Ricordando Lucio Battisti, il cantante dell'Amore

  • Gaetano Tirloni

lucio battistiIl  9 settembre del 1998  si congedava dalla vita  terrena  Lucio  Battisti. Col tumore  aveva  spartito  l'esistenza  per  diversi anni, sino  estremo  delle  forze, fisiche e  psicologiche.

Moriva all' alba dell'autunno il cantante che forse - in coppia col paroliere Mogol  -  aveva meglio celebrato l'estate dell'Amore, in tutte le sue declinazioni.

Nei momenti nei quali solo la contestazione pareva colmare il bisogno di giustizia delle categorie meno favorite, Lucio metteva in vetrina i risvolti più  reconditi dell'anima.

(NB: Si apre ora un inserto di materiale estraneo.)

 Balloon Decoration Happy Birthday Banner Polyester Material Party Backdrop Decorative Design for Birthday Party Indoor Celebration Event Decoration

Battisti musicava i versi del fido Mogol accordandoli alla chitarra dell'amore.  Intuiva che alle persone,  dopo una giornata di fatica e insoddisfazione,  non serviva l'indottrinamento dei cantautori alla moda,  bensì  una melodia marcata dallo  struggimento  per una  consolazione magari effimera però benefica.

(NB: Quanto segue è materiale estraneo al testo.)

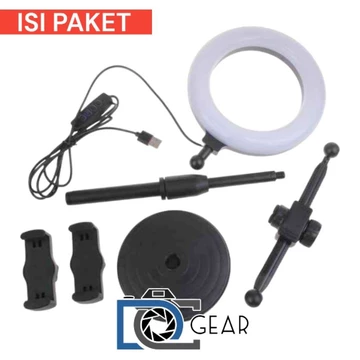 Ring Light 16cm Dengan Stand 2 Holder HP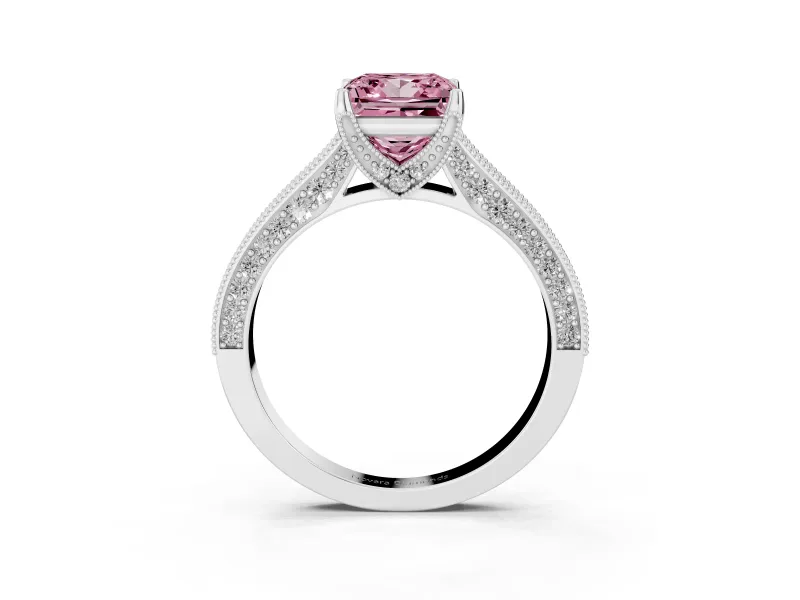 Princess Cut Hidden Halo Engagement Ring Setting for a Fancy Pink Lab-Grown Diamond | Milgrain Pave | Platinum
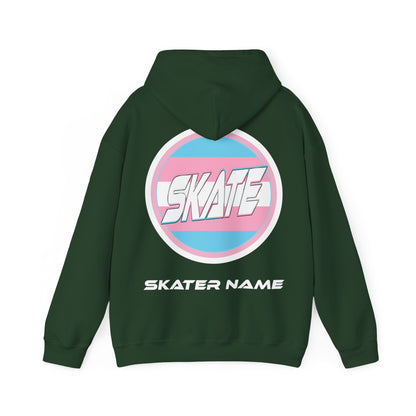 Add Custom Name - SKATE Trans Flag round logo Hoodie - Australian Shipping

Lucio era etichettato come un musicista di destra, falsamente. Solo perché  non solleticava i deteriori istinti di una generazione spinta alla ribellione e poi abbandonata alla depressione e alla solitudine.

Le sue canzoni, dal ritmo dolce e insieme sincopato, lasciavano all'ascoltatore lo spazio per scrivere, tra le note, la sua storia, somma  di accadimenti  ripetitivi  però mai banali.

Battisti non aveva figli e i maligni sussurrano che il suo matrimonio non fosse  particolarmente appagante. 

Se n'è andato in un'anonima camera dell'ospedale San Paolo di Milano, falansterio del dolore. Forse fischiettando, con le ultime energie  rimastegli,  "fiori  rosa, fiori di pesco" sognando il giardino dell' immortalità.